Per il suo raggiungimento, d'altra parte, non sembra tanto mancare la capacità tecnica, quanto la volontà politica. Stando alle notizie messe in circolazione in vista dell'edizione 2006 di Eima - la più importante rassegna sulla meccanizzazione agricola che presto aprirà i battenti a Bologna - sarebbero infatti solamente 40 i centesimi che ancora separano il costo di produzione di un litro di gasolio dal costo dell'olio combustibile ricavato da soia e girasole; e sono ancora 40 i centesimi di differenza fra un litro di benzina ed un litro di etanolo distillato da colture come il sorgo oppure il topinambur.
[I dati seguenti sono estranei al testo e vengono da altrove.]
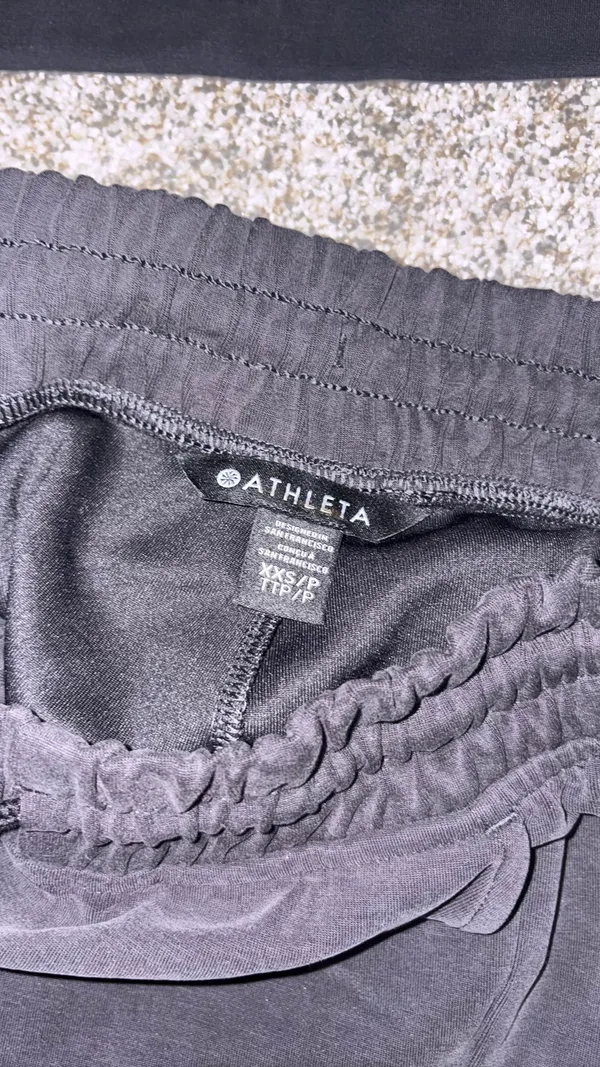 Athleta Seasoft Quarter Zip & Pants - Image 4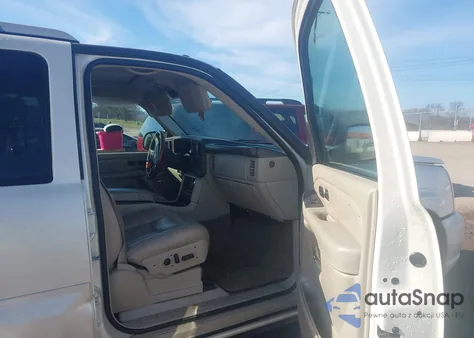 2004 Cadillac Escalade Standard from USA, damaged, VIN 1GYEK63N24R270062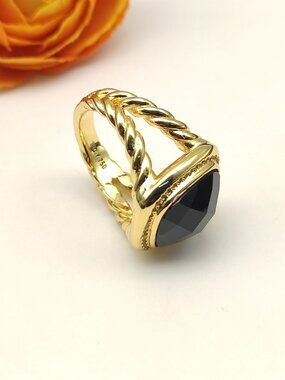 🖤🖤🖤David Yurman Gold Square Diamond and Black Diamond Ring. Size: 6-7-8-9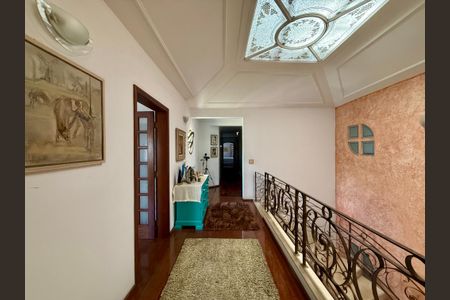 Casa à venda com 500m², 6 quartos e 6 vagas Casa à venda com 500m², 6 quartos e 6 vagasCorredor Suítes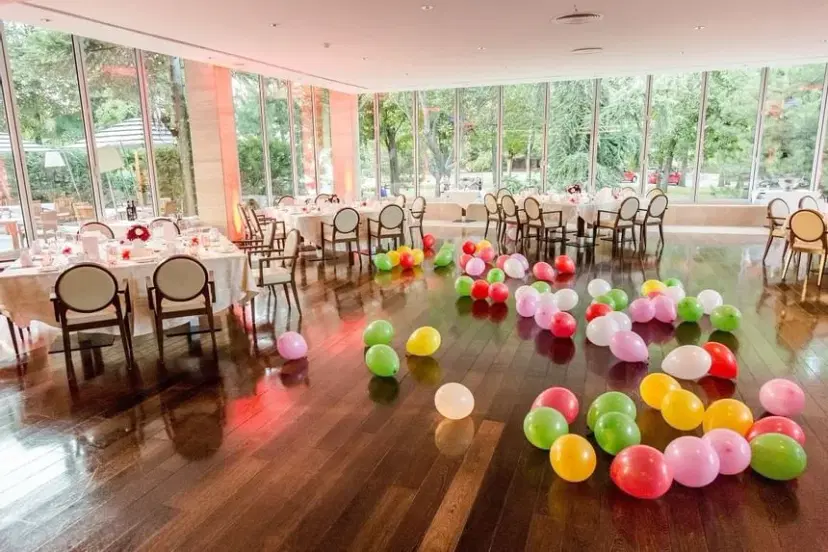 https://honeypot0.s3.amazonaws.com/1700505750240-gallery-botez-veranda-emailsize.webp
Una constatazione sorprendente che, tuttavia, ha alla base un solido ragionamento tecnico. Il costo di produzione del gasolio - secondo i dati dell'Itabia, l'Associazione nazionale che riunisce gli esperti di biomasse - è pari a 50 centesimi per litro, quello dell'olio vegetale è di 90, il costo della benzina arriva a 45 centesimi quello dell'etanolo a 85. Il problema è che sui combustibili d'origine petrolifera lo Stato impone accise ed Iva pari tra i 60 e i 75 centesimi sulla base del tipo di carburante. Ovvio che in questo modo benzina e gasolio verdi sono fuori mercato. Ma - è il ragionamento dei tecnici - se lo Stato fosse disposto a rinunciare ai 45 centesimi di accise per litro, vi sarebbero le condizioni per una diffusione su larga scala dell'energia «verde».
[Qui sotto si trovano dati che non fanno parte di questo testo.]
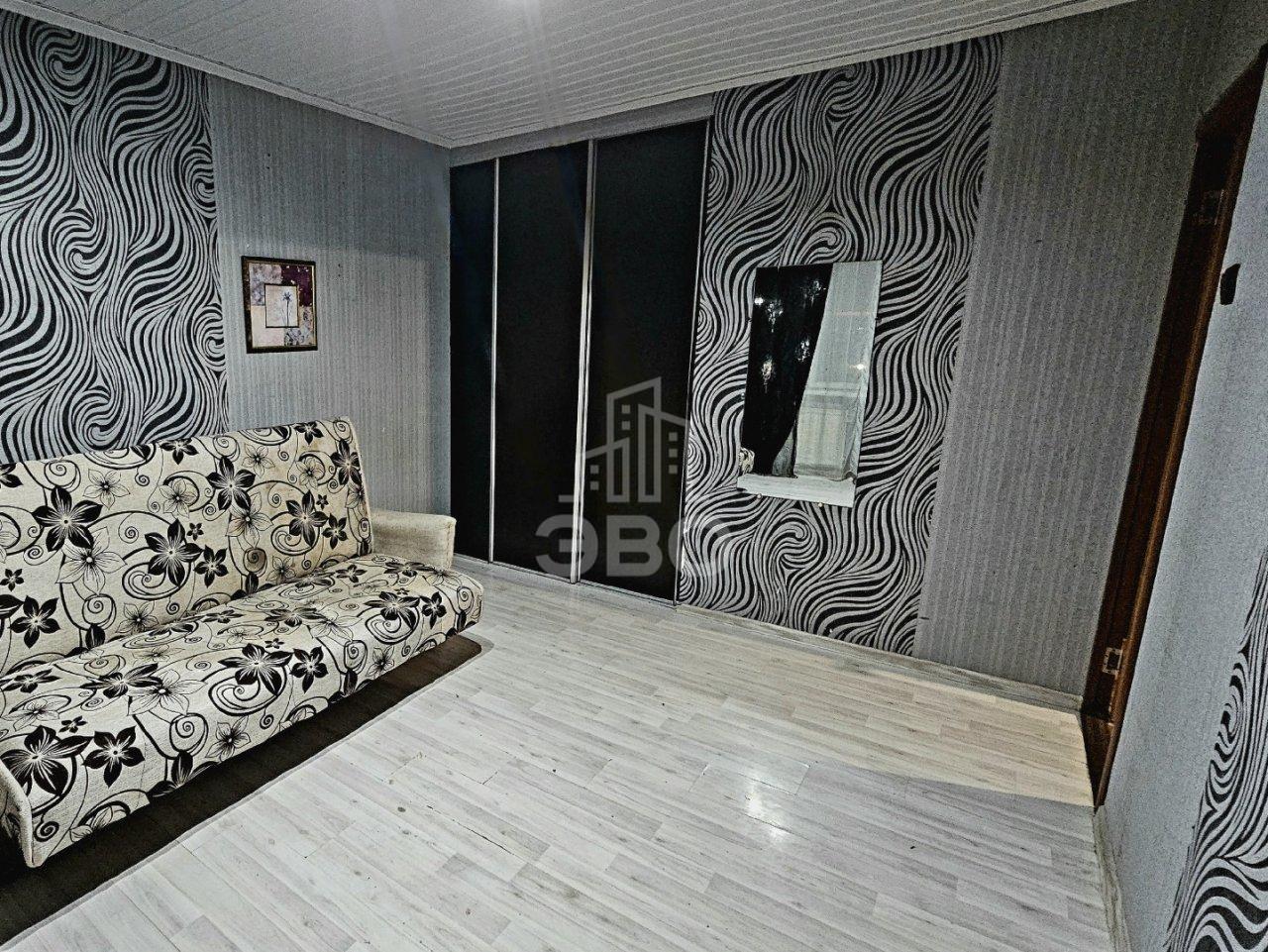 трехкомнатная квартира в Санкт-Петербурге по адресу: Софийская ул., 34, к 2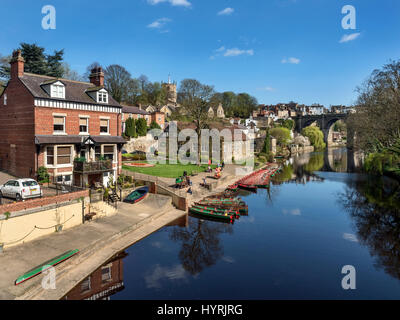 Ruderboote auf dem Fluß Nidd im Frühjahr Knaresborough North Yorkshire England Stockfoto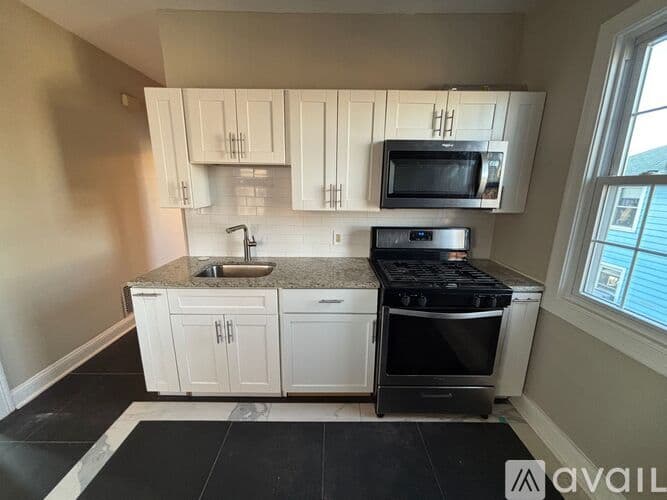 Milford Apartment: 19 Darina Pl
I risultati? Molti, alcuni di grande rilevanza. L'ambiente ne trarrebbe sicuramente beneficio. Le imprese agricole anche. Soprattutto in Italia dove la produzione delle cosiddette biomasse agricole è ancora ridotta ai minimi termini. Basta pensare che su circa 560mila ettari coltivate in Europa, solamente lo 0,05% è nel nostro Paese.
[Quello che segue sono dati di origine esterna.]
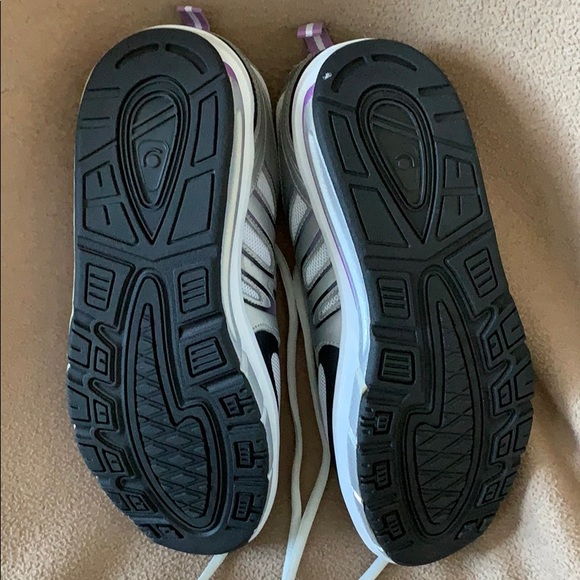 Rocker Sneaker by Foot locker - Picture 2 of 4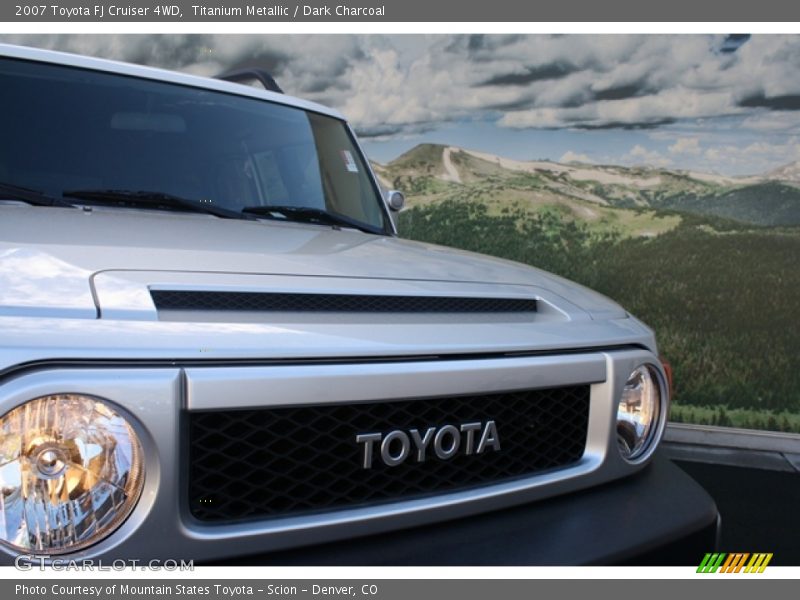 Titanium Metallic / Dark Charcoal 2007 Toyota FJ Cruiser 4WD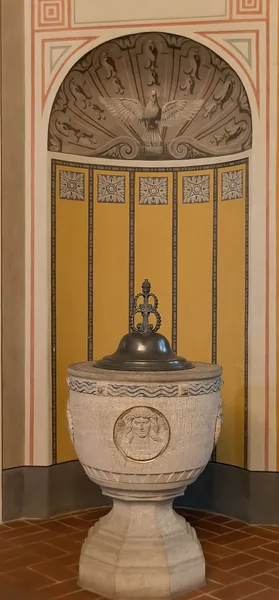 Taufnische und Taufbecken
Insomma, è la politica che deve decidere che destino dare a questo comparto. E potrebbe farlo iniziando a mettere semplicemente ordine nella giungle di leggi e regolamenti che strozzano la crescita della produzione di biocombustibili. Certo, non tutta l'agricoltura potrà essere convertita in questa direzione. Ma, accanto ai grandi vini oppure a quelli novelli di cui proprio in questi giorni si celebra la gloria, accanto alla necessità di difendere le nostre etichette Dop e Igp, accanto alla sacrosanta voglia di prodotti genuini, può anche starci la voglia di voler fare il «pieno» alla propria auto con una benzina diversa da quella solita. Prospettive diverse, dunque, che indicano però quanto l'agricoltura sia davvero la rappresentante di un Pianeta verde complesso e multiforme, denso di risorse ma delicato da gestire.